I'm in university still.


----------



## babyjeep21 (Mar 4, 2007)

I have actually seen one BBW flight attendant. It was on a plane going from Indy to Chicago, about a year ago. 

She was not a big BBW, but a BBW nonetheless. I've gotta say, it was nice to see another curvy woman aboard.


----------



## FrenchBBW (Mar 4, 2007)

gangstadawg said:


> you may wanna try to that here in michigan because of the laws here.





Which are the laws ?


----------



## Tooz (Mar 4, 2007)

babyjeep21 said:


> I have actually seen one BBW flight attendant. It was on a plane going from Indy to Chicago, about a year ago.
> 
> She was not a big BBW, but a BBW nonetheless. I've gotta say, it was nice to see another curvy woman aboard.



Awesome! :bounce:


----------



## FrenchBBW (Mar 4, 2007)

babyjeep21 said:


> I have actually seen one BBW flight attendant. It was on a plane going from Indy to Chicago, about a year ago.
> 
> She was not a big BBW, but a BBW nonetheless. I've gotta say, it was nice to see another curvy woman aboard.

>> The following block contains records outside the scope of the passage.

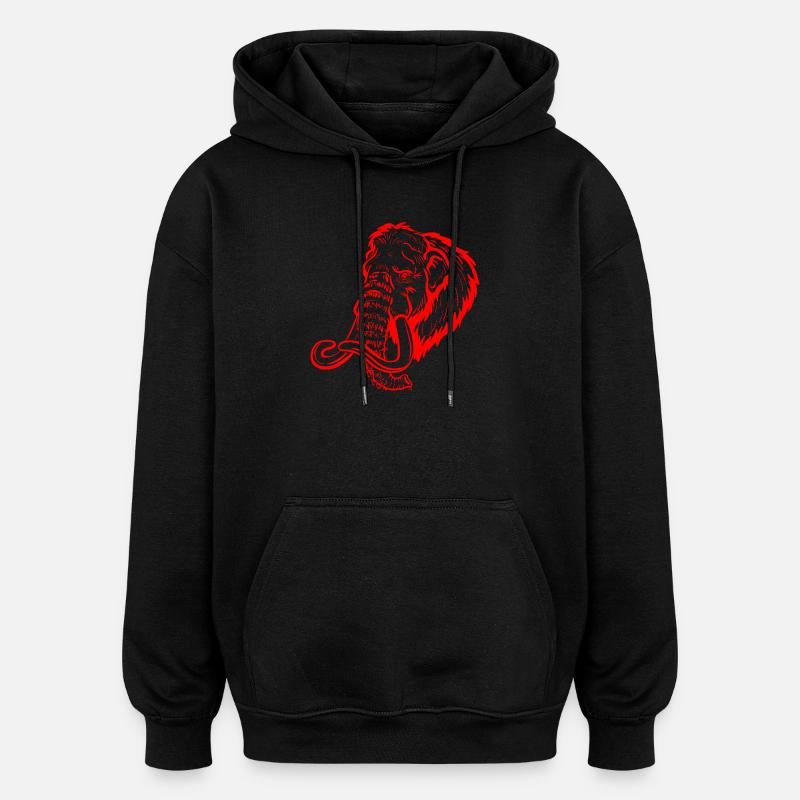 Art de lignes Red Mammoth - Sweat à capuche oversize unisexe - noir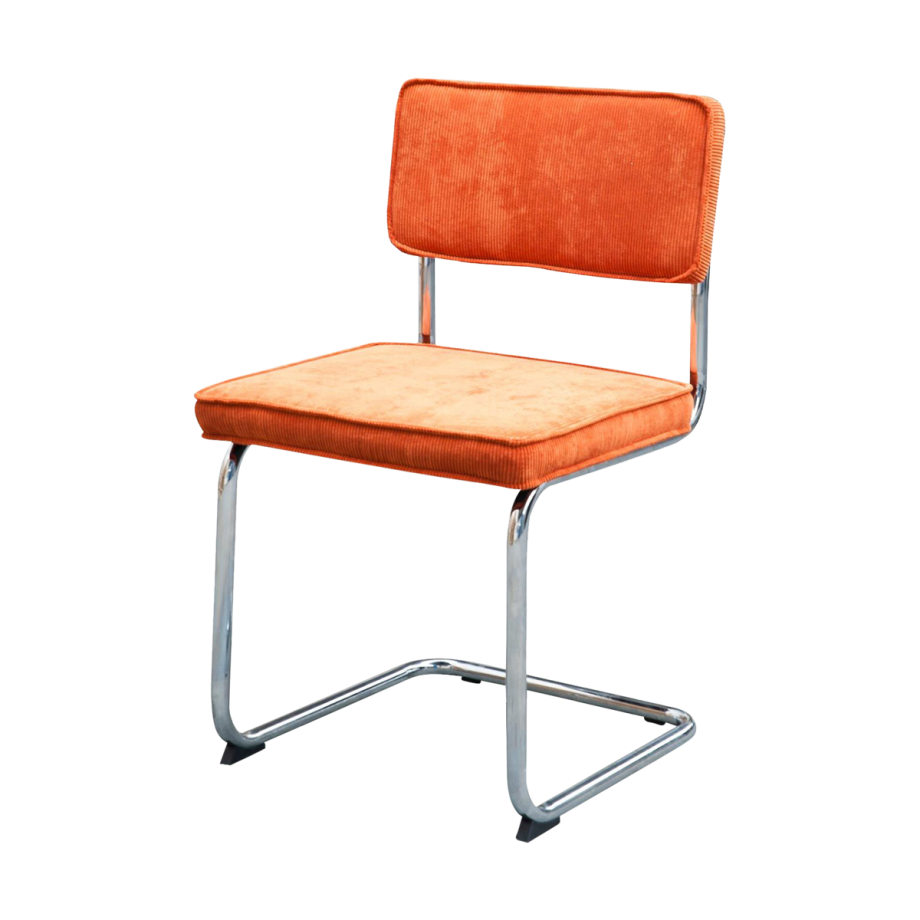 Anne ribstof eetkamerstoel oranje Anne ribstof eetkamerstoel oranje afbeelding 1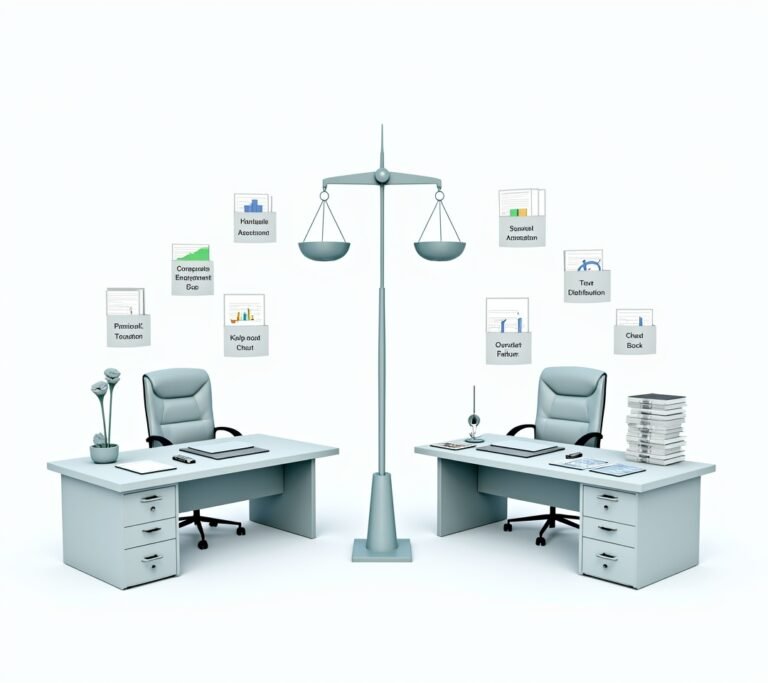 Business owner comparing entity structure documents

It's great news !!! So all is possible :happy: !


----------



## Jon Blaze (Mar 4, 2007)

I believe gangstadawg is talking about discrimnation laws. I think they are pretty strict in Michigan, to the point where you could sue if you were fired due to weight gain.

Your English is quite nice. Good luck finding a grand job and welcome to the boards!

Curvy Flight Attendants are quite beautifu too. :wubu:


----------



## FrenchBBW (Mar 4, 2007)

Jon Blaze said:


> Your English is quite nice. Good luck finding a grand job and welcome to the boards!
> 
> Curvy Flight Attendants are quite beautifu too. :wubu:



Thanks :blush:


----------



## Caine (Mar 4, 2007)

MORE CURVY FLIGHT ATTENDANTS!!! :shocked: :bow: :shocked:


----------



## FrenchBBW (Mar 4, 2007)

Caine said:


> MORE CURVY FLIGHT ATTENDANTS!!! :shocked: :bow: :shocked:




*YEEEEEEEEEEEEEEEEEEEEEEEEEEEEEEEES *


----------



## Regular Bill (Mar 4, 2007)

FrenchBBW said:


> Hi everyone !
> I present myself ; I'm Rachel and I'm french !!! So I'm sorry because I don't speak very well english :doh: !!!
> I'm 28 and I'm air hostess no I WAS air hostess ...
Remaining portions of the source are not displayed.